Sono alla frutta. Entro in libreria per prendere un tascabile, e dopo essermi lasciata ispirare tra mille titoli, immancabilmente mi dirigo nel reparto libri di cucina. Sfoglio qualcosa a caso, poi l’occhio cade sul libro dei desideri, appena la settimana scorsa è entrato prepotente nella mia lista dei desideri, ha scalato gli altri, come quei bambini con un fare esagerato e simpatico, che rubano subito cuore e scena quando entrano in una stanza. Non lo compro, ho le tasche piccine in questo periodo, ma lo desidero tanto. Mi appoggio su una pila di libri per sfogliarlo in santa pace. Trovo delle fotografie incantevoli e delle ricette che hanno il calore di casa, e d’improvviso ho gli occhi umidi: chiedo ai miei cieli segreti di instillarmi ancora quella passione per la cucina, con cui accudivo e coccolavo i miei affetti più cari.
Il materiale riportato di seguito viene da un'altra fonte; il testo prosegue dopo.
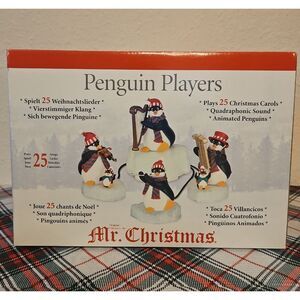 Mr. Christmas Penguin Players Musical Set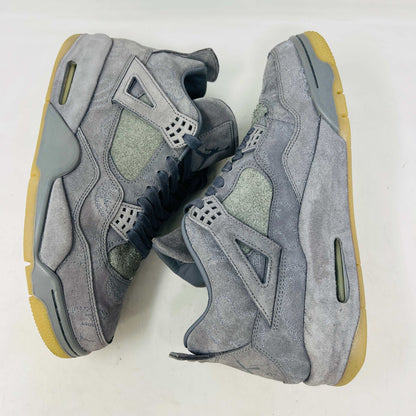 Jordan 4 Retro Kaws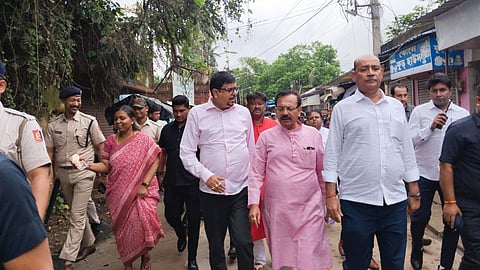 मंत्री अरूप विश्ववास श्रावणी मेला को लेकर आयोजित प्रशासनिक बैठक में शामिल हुए, साथ में हैं मंत्री सुजीत बसु, मंत्री पुलक राय व अन्य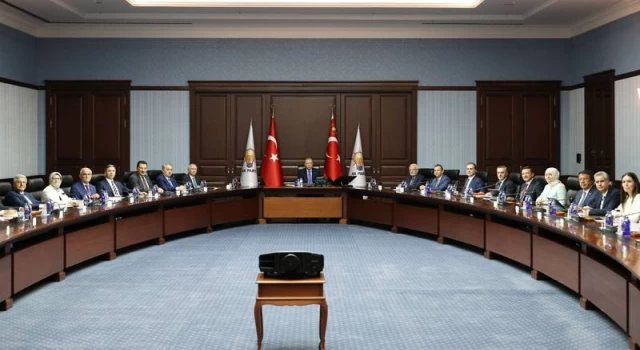 AK Parti MYK, Erdoğan başkanlığında toplandı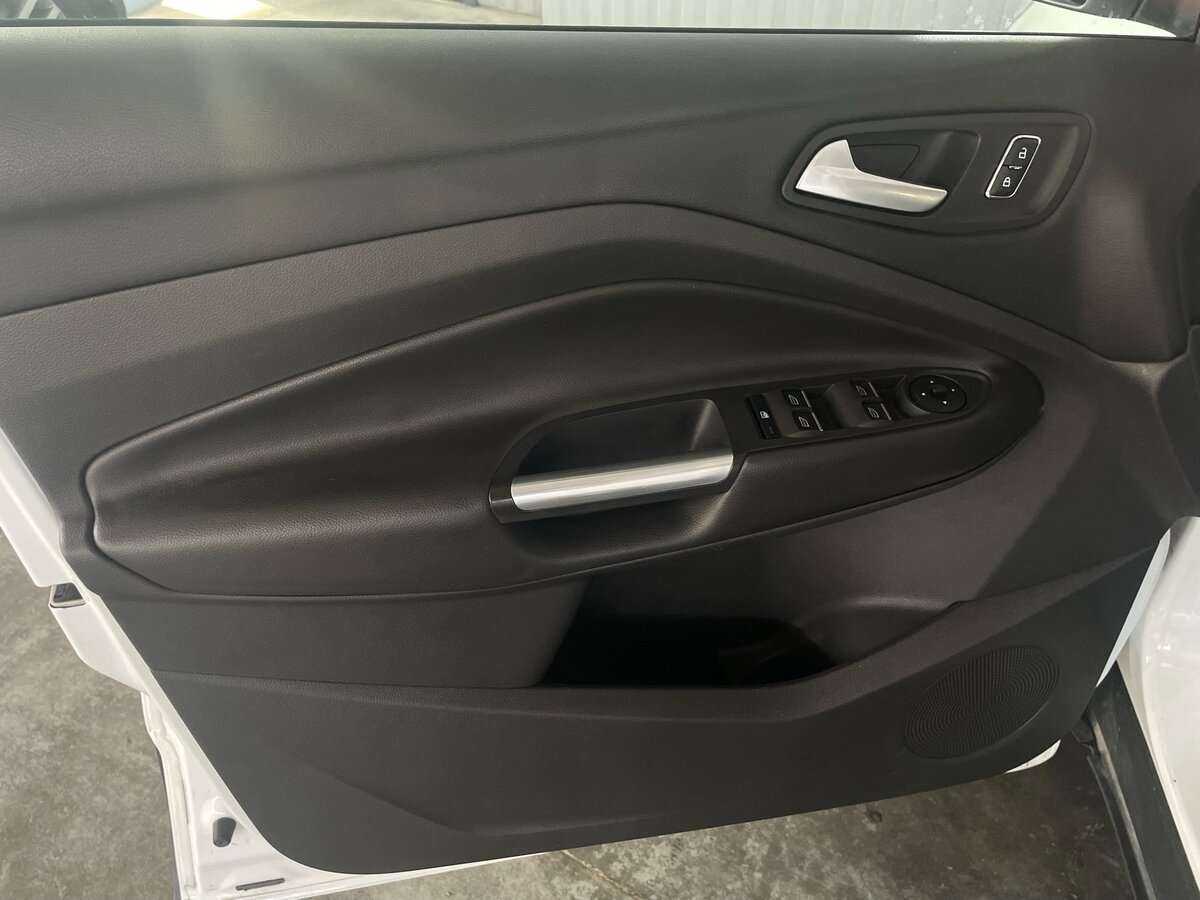 Ford Kuga б/у, 2015, Автоматическая. Фото: #19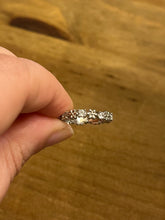 Load image into Gallery viewer, Daisy and Crystal Band Sterling Silver
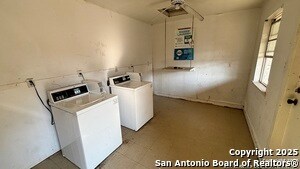 Building Photo - 5602 Bienville Dr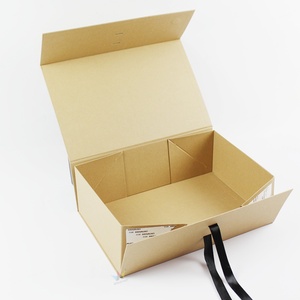 Boîte cadeau de mariage pliable magnétique personnalisable pour l'emballage de vêtements avec poignées en matériau laminé - Product Image 4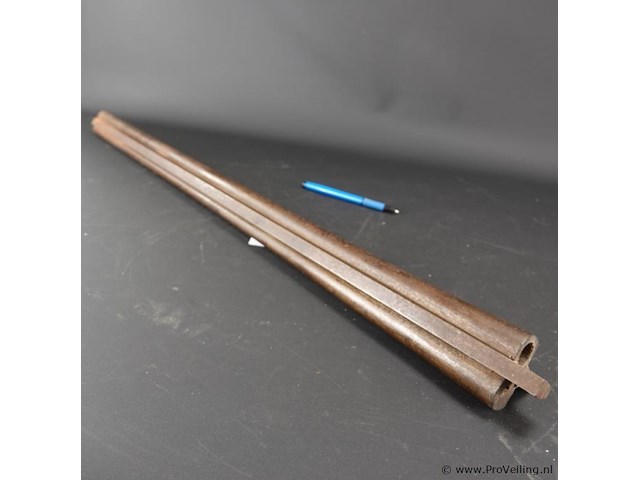 Oude dubbelloopse geweer loop - afbeelding 2 van  5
Quant’era bello stancarmi, avere il polso fratto mentre impastavo frolle e lievitati, o mentre arieggiavo meringhe spumeggianti o giravo la pasta bignè perché non facesse grumi. Io sfornavo e accarezzavo le mie creature, io riempivo frolle e pan di spagna e spargevo un po’ del mio amore per loro. Ora non so più far nulla, la mia planetaria è muta, la sua panciona è sempre vuota, le formine dei biscotti – ne avrò millemila! – giacciono fesse nei cassetti, fruste, tagliapasta, rotelle e mattarelli riposano annoiati e attendono giorni di alacre allegria. Forse ritornerò alle mie nuvole di farina e zucchero, alle mie maratone per sfornare decine di teglie di biscotti, perché se mangiare gratifica, dar da mangiare una fetta di paradiso è un unguento per il cuore mio, così piccolo ma con tanto spazio per far da cuccia.